SuaraJogja.id - Presiden Joko Widodo melantik Guntur Hamzah menjadi hakim Mahkamah Konstitusi (MK), Rabu (23/11/2022). Pelantikan tersebut merupakan usulan dari Dewan Perwakilan Rakyat (DPR).
Direktur Pusat Studi Hukum dan Konstitusi Universitas Islam Indonesia (PSHK UII) Dian Kus Pratiwi menilai, terdapat rentetan proses inkonstitusional dalam pelantikan Guntur Hamzah menjadi hakim MK oleh Presiden, karena cacat dari segi proses usulan oleh DPR.
"Proses pengusulan Guntur Hamzah dilakukan secara tertutup, hanya melibatkan internal DPR," ucapnya, Rabu siang.
Atas situasi ini, Dian menyatakan maka hal tersebut jelas-jelas telah melanggar Pasal 20 ayat (2) UU MK. Di dalam UU itu diamanatkan, proses pemilihan hakim konstitusi dilakukan melalui proses seleksi yang objektif, akuntabel, transparan, dan terbuka.
Baca Juga:Guntur Hamzah Pengganti Hakim MK Aswanto Ucapkan Sumpah di Depan Presiden Jokowi
Selain itu perlu diketahui, bahwa sebelumnya, proses pengusulan Guntur Hamzah oleh DPR didahului dengan pemberhentian Aswanto dari jabatan hakim konstitusi.
"Hal tersebut juga telah melanggar Pasal 23 ayat 4 UU MK, yang menyatakan bahwa pemberhentian hakim hanya bisa dilakukan dengan Keputusan Presiden atas permintaan dari Ketua MK," tambahnya.
DPR, menurut PSHK UII, tidak berhak dan tidak mempunyai kewenangan untuk mengusulkan pemberhentian hakim MK.
Tindakan pelampauan kewenangan oleh DPR dapat dikategorikan sebagai bentuk intervensi DPR terhadap kekuasaan kehakiman.
PSHK UII menekankan kembali bahwa ini jelas-jelas melanggar Pasal 24 ayat (1) UUD NRI 1945, yang menyatakan bahwa MK bersifat merdeka dan independen. Sehingga, MK tidak ada hubungan dan bukan merupakan bagian dari DPR.

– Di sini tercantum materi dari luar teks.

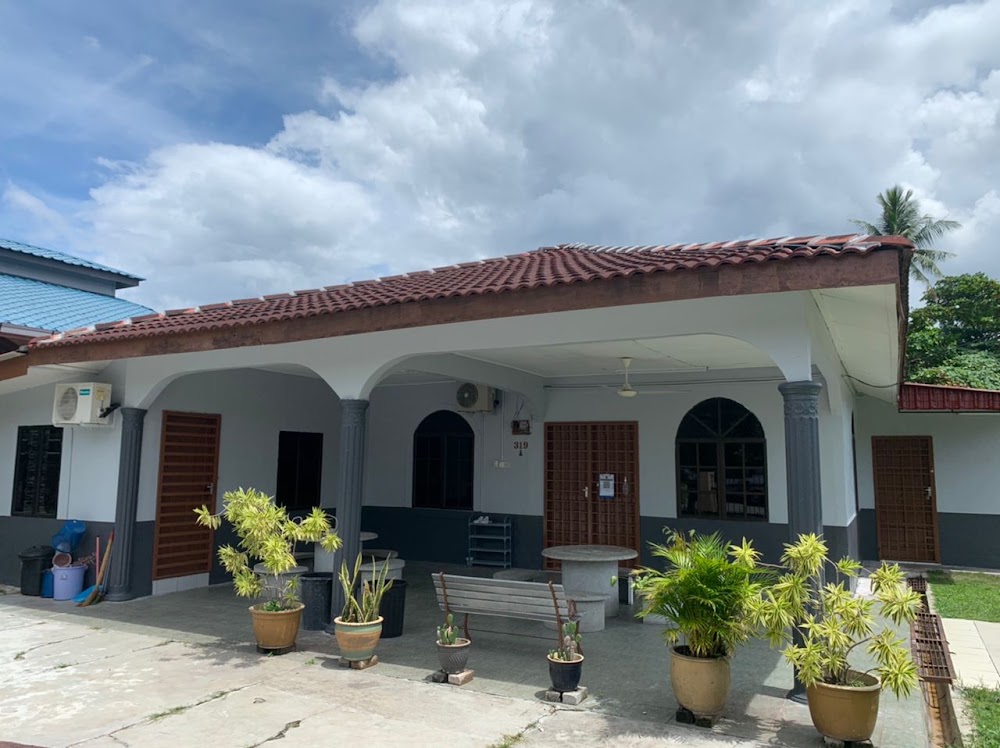 AHB Homestay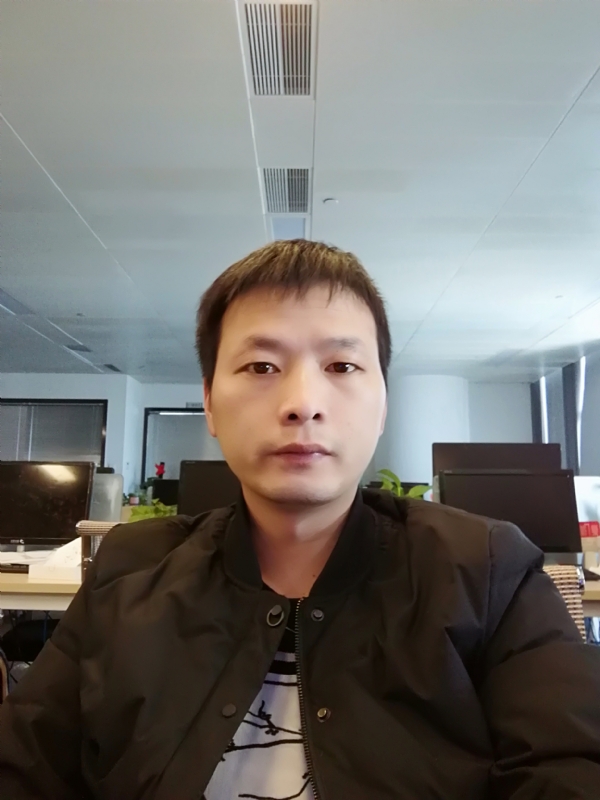 刘堃的第一张照片--绍兴相亲服务中心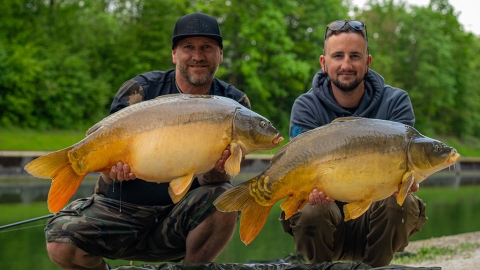 Brockes Deutschland-Tournee – Teil 3: Am Canal Grande mit Daniel Klinger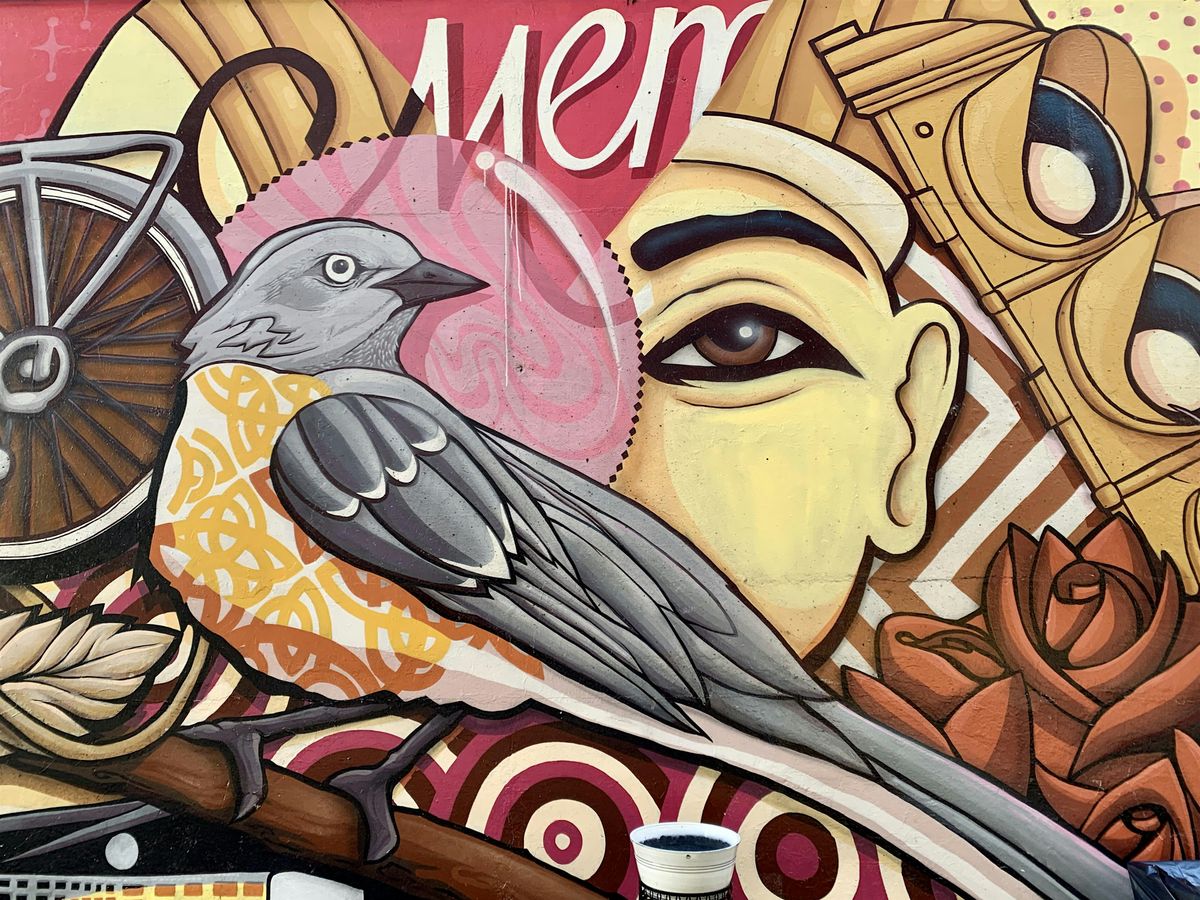 Ultimate Scavenger Downtown Memphis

Baca Juga:Sebut DPR Arogan karena Copot Hakim MK Aswanto, Formappi: Injak-injak Independensi Lembaga Negara
Dian menjelaskan, apabila proses pemberhentian dan pengusulan yang berakhir pada pelantikan hakim konstitusi yang inkonstitusional tersebut diteruskan, maka dapat menjadi preseden yang buruk dalam penyelenggaraan kekuasaan kehakiman. Termasuk juga secara umum dalam penyelenggaraan praktik ketatanegaraan.
"Sehingga terjadi pembangkangan terhadap amanat reformasi. Dari yang seharusnya menyelenggarakan rule of law, bergeser menjadi rule by man or politics," sebut Dosen Hukum Tata Negara Fakultas Hukum UII ini.
Dian menyatakan, lewat beberapa catatan tersebut, PSHK FH UII merekomendasikan agar Presiden segera menganulir pelantikan Guntur Hamzah menjadi Hakim Konstitusi.
"Karena prosesnya yang inkonstitusional," tegas Dian.
Rekomendasi berikutnya, masing-masing lembaga pengusul Hakim Konstitusi yakni DPR, Pemerintah, dan Mahkamah Agung perlu merumuskan model serta format seleksi Hakim Konstitusi sesuai prinsip transparan, partisipatif, objektif, dan akuntabel sesuai yang telah diatur dalam Pasal 20 ayat (2) UU MK.